Provided data:
————————

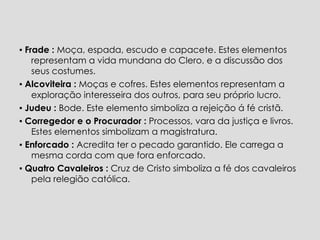 ▪  Frade :  Moça, espada, escudo e capacete. Estes elementos representam a vida mundana do Clero, e a discussão dos seus costumes. ▪  Alcoviteira :  Moças e cofres. Estes elementos representam a exploração interesseira dos outros, para seu próprio   lucro. ▪  Judeu :  Bode. Este elemento simboliza a rejeição á fé cristã. ▪  Corregedor e o Procurador :  Processos, vara da justiça e livros. Estes elementos simbolizam a magistratura. ▪   Enforcado :  Acredita ter o pecado garantido. Ele carrega a mesma corda com que fora enforcado.  ▪   Quatro Cavaleiros :  Cruz de Cristo simboliza a fé dos cavaleiros pela relegião católica.  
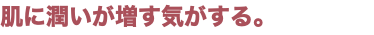 肌に潤いが増す気がする。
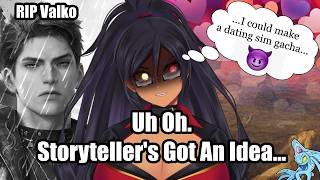 RIP Valko... but what if I made a dating gacha game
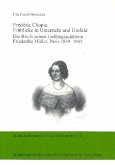 Frédéric Chopin - Einblick in Unterricht und Umfeld Die Briefe seiner Lieblingsschülerin Friederike Müller Paris 1839-1845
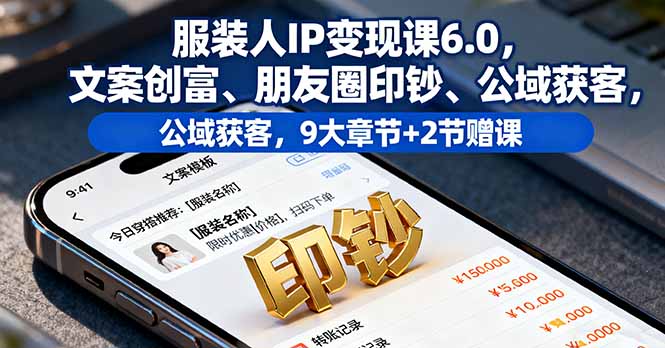 服装人IP变现课6.0，文案创富、朋友圈印钞、公域获客，9大章节+2节赠课-爱找项目网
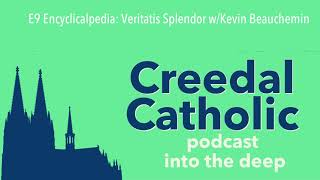 E9 Encyclicalpedia: Veritatis Splendor w/Kevin Beauchemin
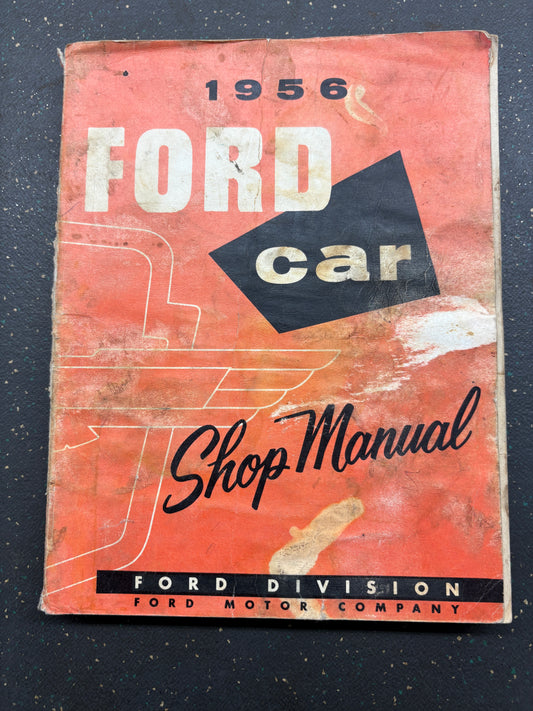 1956 FORD CAR AND THUNDERBIRD SHOP MANUAL
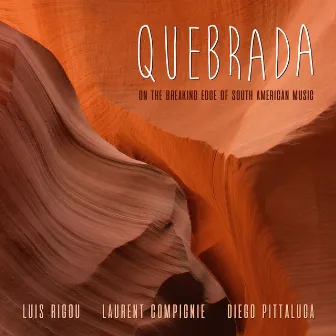 Quebrada (On The Breaking Edge Of South American Music) by Luis Rigou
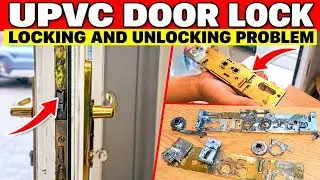 UPVC Door Locking And Unlocking Problem || How To Fix UPVC Door Lock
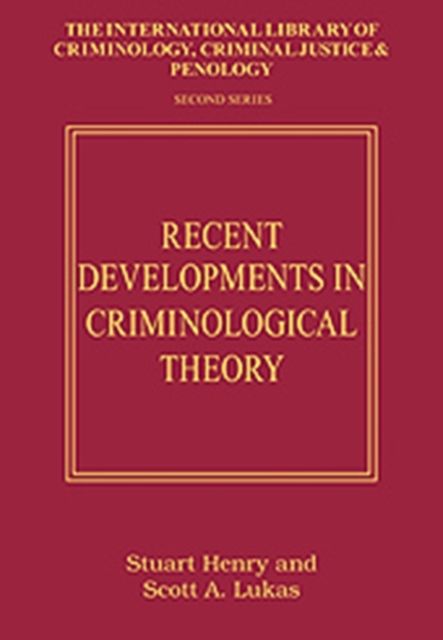 Recent Developments in Criminological Theory : Toward Disciplinary Diversity and Theoretical Integration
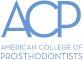 American College of Prosthodontists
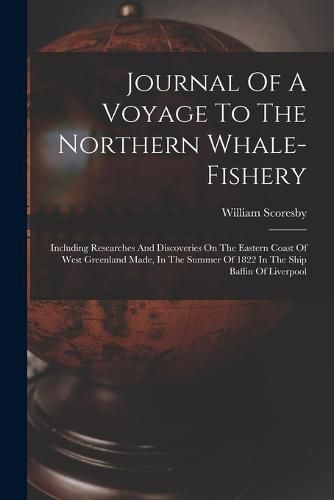 Journal Of A Voyage To The Northern Whale-fishery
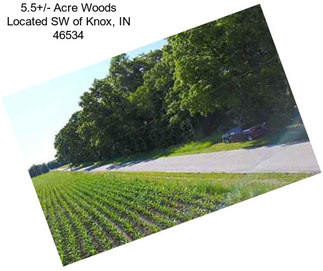 5.5+/- Acre Woods Located SW of Knox, IN 46534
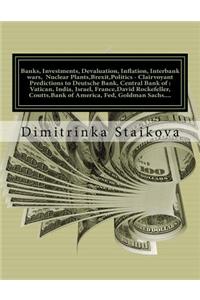 Banks, Investments, Devaluation, Inflation, Interbank wars, Nuclear Plants, Brexit, Politics - Clairvoyant Predictions to Deutsche Bank, Central Bank of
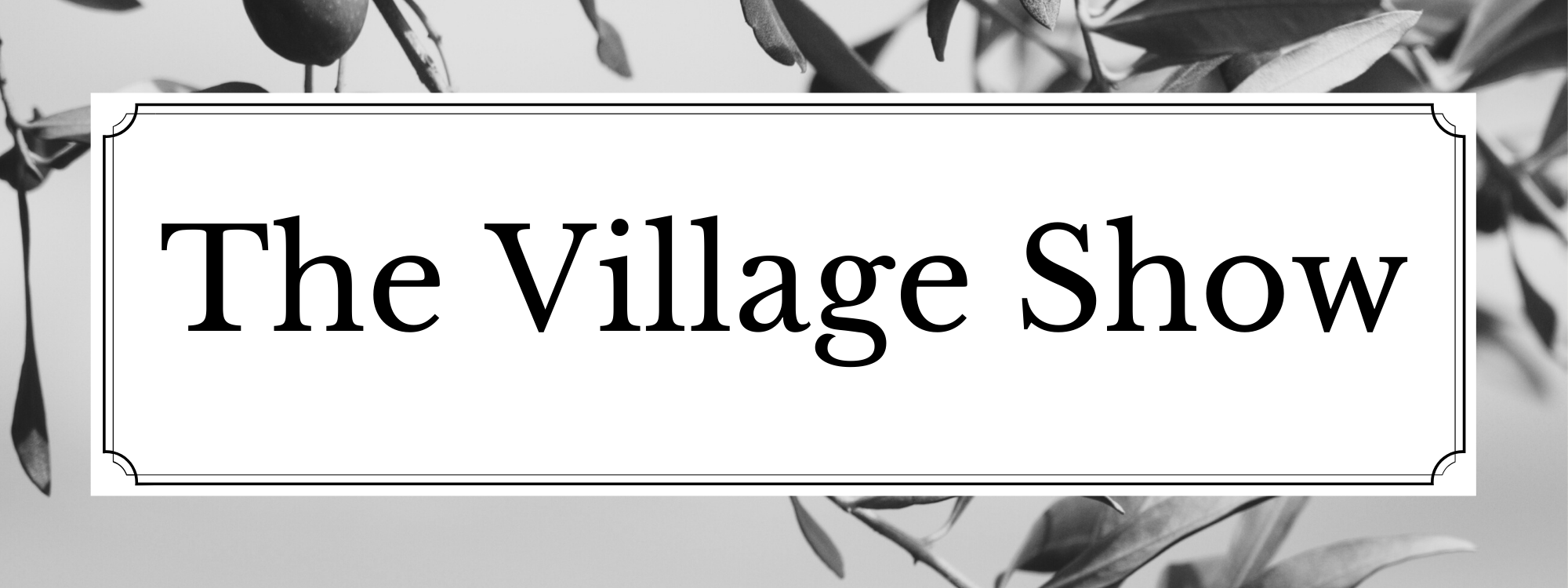 The Village Show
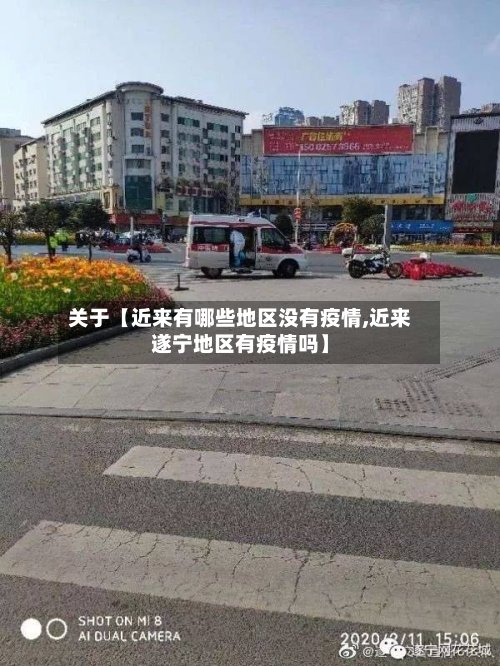 关于【近来有哪些地区没有疫情,近来遂宁地区有疫情吗】
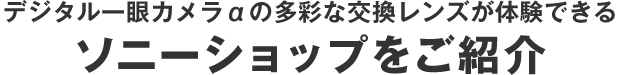 デジタル一眼カメラαの多彩な交換レンズが体験できる
ソニーショップをご紹介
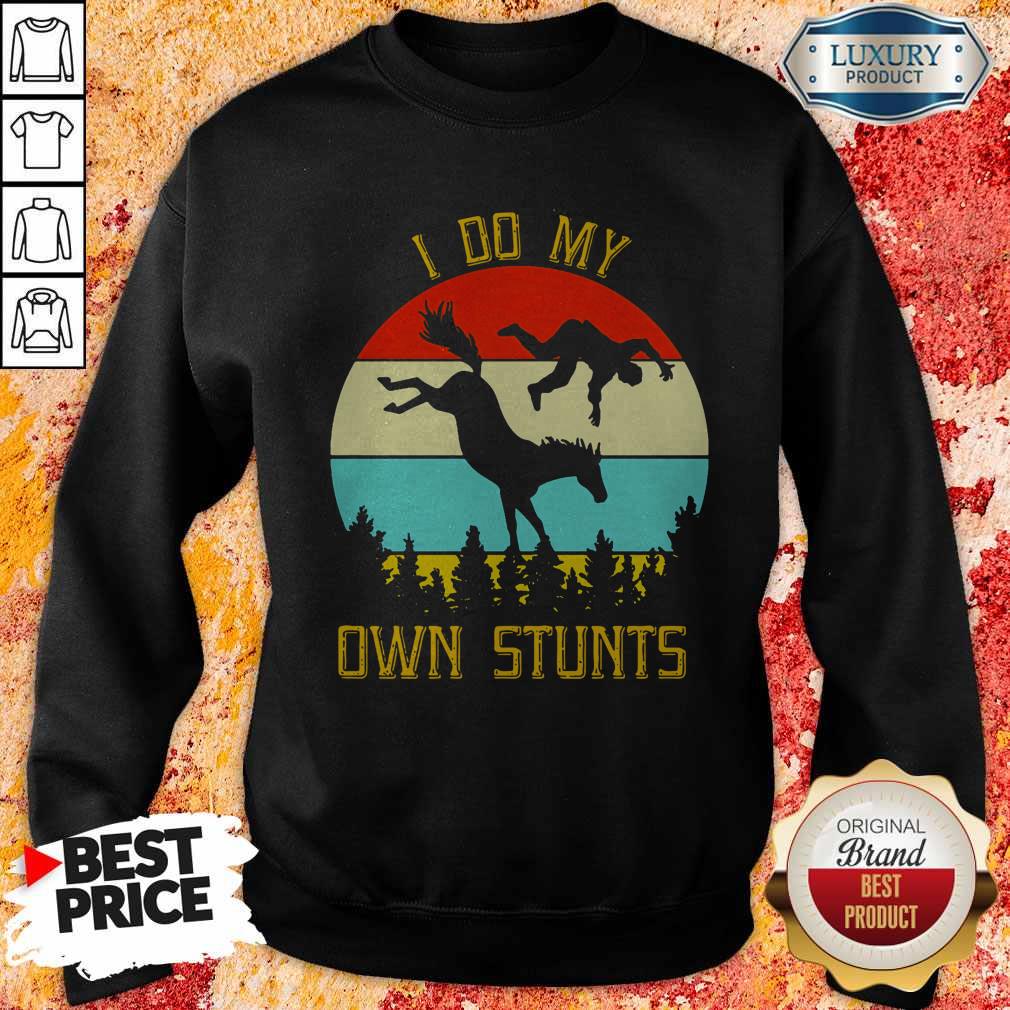 Perfect Horse Equestrian I Do My Own Stunts Vintage Shirt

————————

Try it: Would you output the lines above from the line holding "Journal Of A" up to and including the line holding "ソニーショップをご紹介", exactly and only those, with no pictures?

Exercise answer:
 Journal Of A Voyage To The Northern Whale-fishery
 5.5+/- Acre Woods Located SW of Knox, IN 46534
 Banks, Investments, Devaluation, Inflation, Interbank wars, Nuclear Plants, Brexit, Politics - Clairvoyant Predictions to Deutsche Bank, Central Bank of
 The Village Show
 关于【近来有哪些地区没有疫情,近来遂宁地区有疫情吗】
 デジタル一眼カメラαの多彩な交換レンズが体験できる
ソニーショップをご紹介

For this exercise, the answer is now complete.